Technical Mentorship:
Set technical standards and mentor IC productionization work toward the platform, growing the function as the team forms.
OUR IDEAL CANDIDATE
MLOps & Platform Experience:
8+ years of engineering experience with deep ML-infrastructure / MLOps work, including building and operating a model deployment, serving, and monitoring platform in production.
LLM Ops:
Hands-on experience operating LLM or VLM workloads in production including model serving or managed-provider integration, prompt and version management, generative evaluation, guardrails, and token cost and latency control.
Self-Serve ML Deployment:
Experience designing self-serve ML deployment for other teams, including model registry and packaging, CI/CD for models, serving contracts, rollback, and drift/quality monitoring.
API Design:
Strong systems and API design judgment across a polyglot boundary with the operational maturity to own security, observability, and on-call trade-offs.
Technical Leadership:
A track record of setting technical direction and leveling up engineers (technical leadership; formal management not required).
Education:
Bachelor's or Master's degree in Computer Science, Engineering, or a related field, or equivalent practical experience.
PREFERRED QUALIFICATIONS
Computer Vision / video model inference at scale (GPU serving, latency and cost optimization). Cloud-native infrastructure (Kubernetes, Argo, or a comparable deployment stack). Experience standing up an ML platform from zero on a team that did not have one. Experience deploying AI models to edge environments (e.g. NVIDIA Jetson or similar).

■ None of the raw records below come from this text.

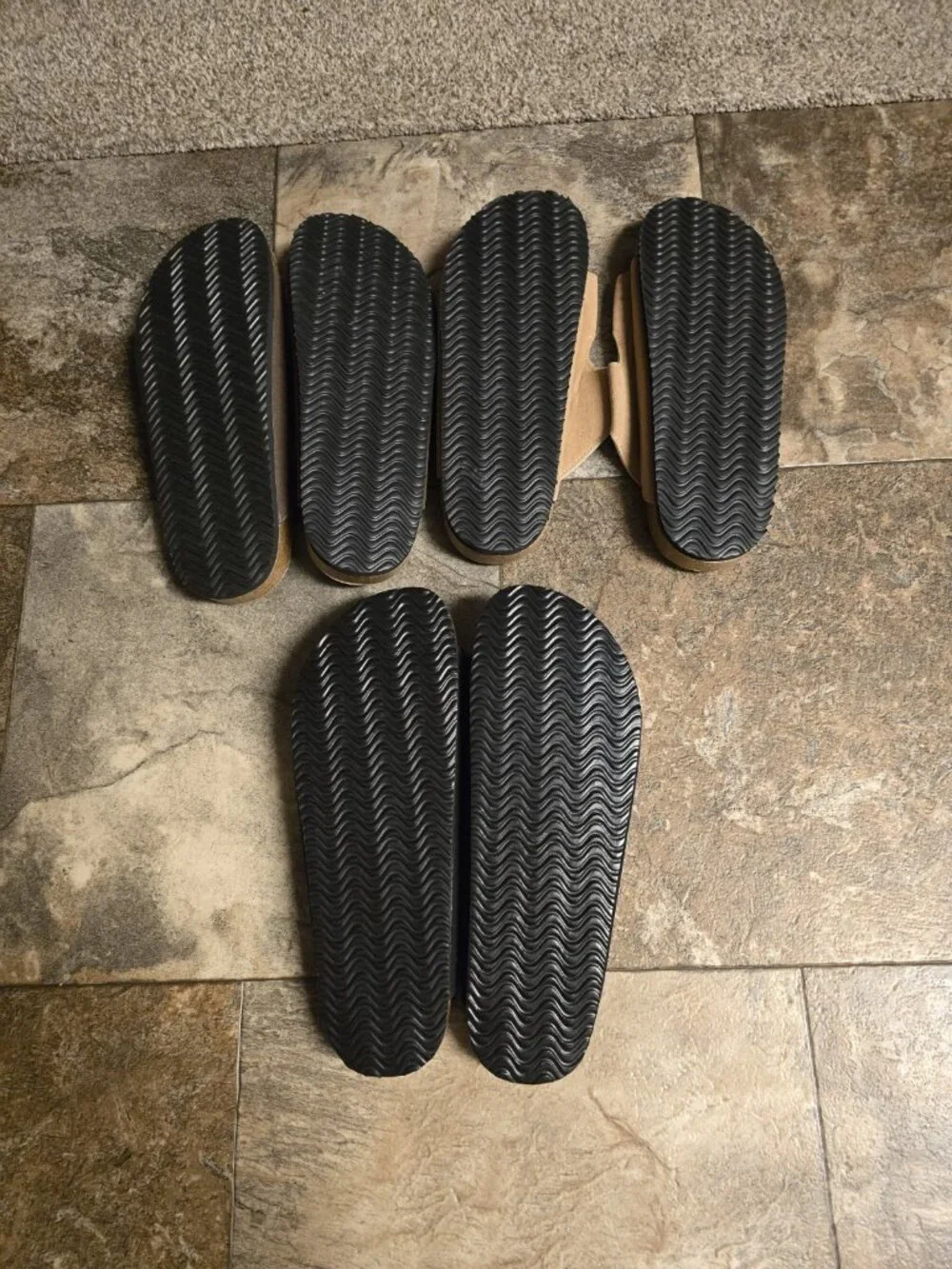 Unbranded footbed buckle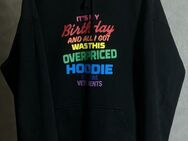 Vetements FW20 “Its My Birthday” Black Hoodie 9/10 M (XL) Nur Selbstabholung - Zossen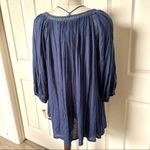 Mono Reno navy 3/4 sleeve top Photo 11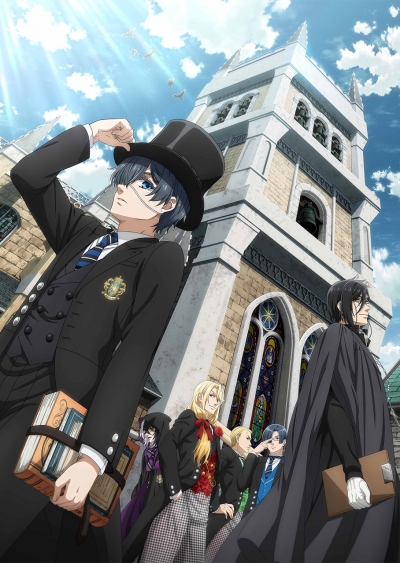 Ҹ���� ���������: �����-�������� / Kuroshitsuji: Kishuku Gakkou-hen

Agentic and generative tooling:
LangGraph, MCP frameworks, vector databases, and inference/serving platforms.
COMPENSATION
The beginning annual salary range for this role is $213,300 - $272,000 USD and is determined by location, job-related experience, and education/training. Your total earning potential is amplified by a bonus structure tied to meeting goals, and you will become an owner from day one through our employee equity program.
BENEFITS
We believe you do your best work when your whole life is supported. We invest in our crew's health, families, and financial futures with a benefits package designed to support you inside and outside the office. Full-time benefits include, but not limited to: Comprehensive health, dental and vision coverage, retirement benefits (401k match up to 4%), and flexible
PTO. LVT IS PROUD TO BE AN EQUAL OPPORTUNITY EMPLOYER.
All applicants will be considered for employment without attention to race, color, religion, sex, sexual orientation, gender identity, national origin, veteran or disability status. All candidates must pass a drug screening and background check upon employment. Some roles may also require passing a federal background check and fingerprinting. Must be authorized to work in the U.S. If reasonable accommodation is needed to participate in the job application or interview process, and/or to perform essential job functions, please reach out to your recruiter.